Then-university students Paul Palmer and Bill Seaby, staffers at campus radio station WMUC, were in a radio-announcing class when the classroom door flew open and another student yelled, “The president’s been shot!” according to a 2012 account from then-WMUC staffer Alan Batten in the University Archives.

As national broadcasters interrupted regular programming to report the news, Seaby and Batten kept a running on-air commentary of the unfolding events for the university community.

Wherever there were radios, there were students. They sat silently in disbelief in dorms, on McKeldin Mall, in classrooms and near the student union, according to a Nov. 26, 1963, Diamondback article, as reporters on the campus and across the country scrambled to deliver the news and make sense of it themselves.

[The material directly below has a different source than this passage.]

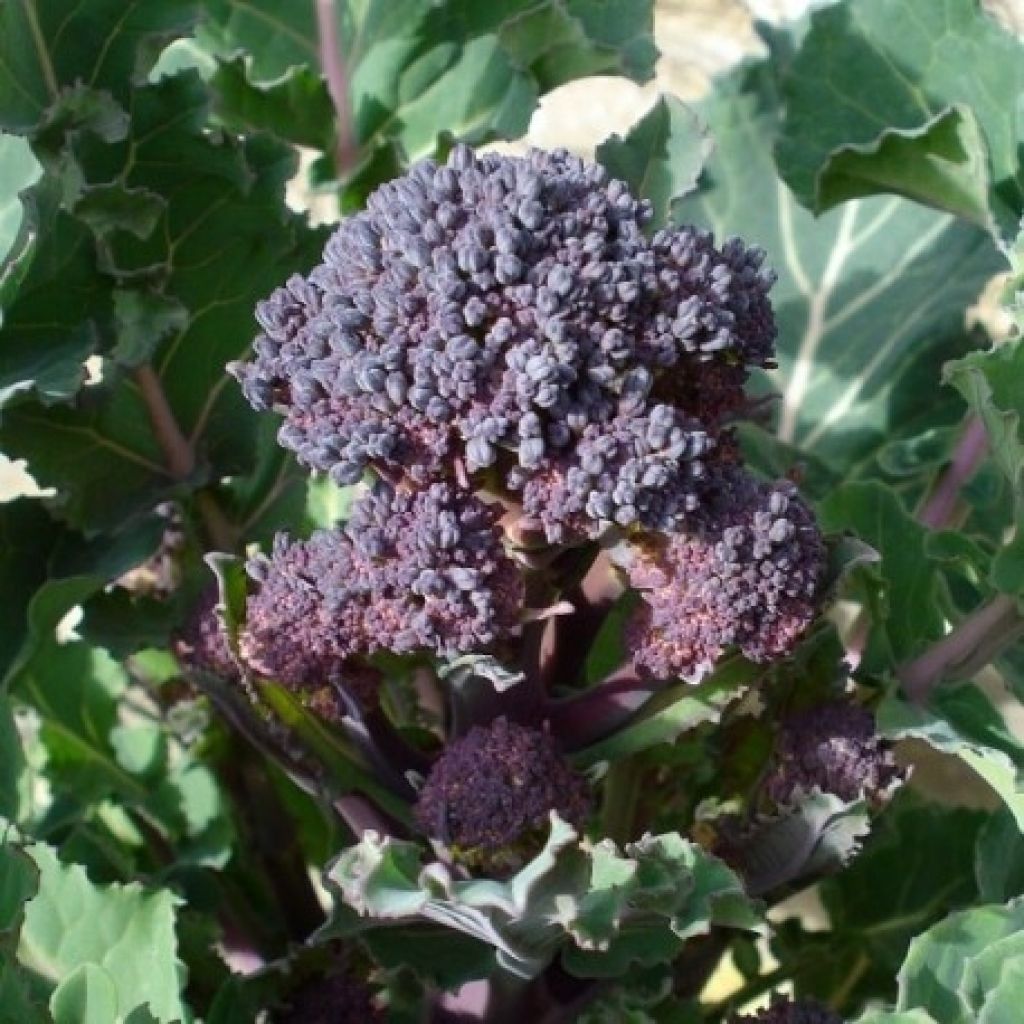 Varsiparsakaali italica Santee Purple luomu taimena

By 3 p.m., another news bulletin had come in: Kennedy, just 46 years old, was dead.

“There was none of the between-classes chatter that is especially lively on a Friday afternoon,” The Diamondback’s story read. “This disbelief of the news did not lend itself to words.”

WMUC played “The Star-Spangled Banner,” unsure of what else to do. Then-university President Wilson Elkins prepared a campuswide address he delivered later that day. 

“The tragic death of President Kennedy has affected people all over the world. This is the case because he was truly a citizen of the world,” Elkins said, according to an original copy of his speech in the University Archives. “The world has lost a great man, and American education has lost a dedicated friend.”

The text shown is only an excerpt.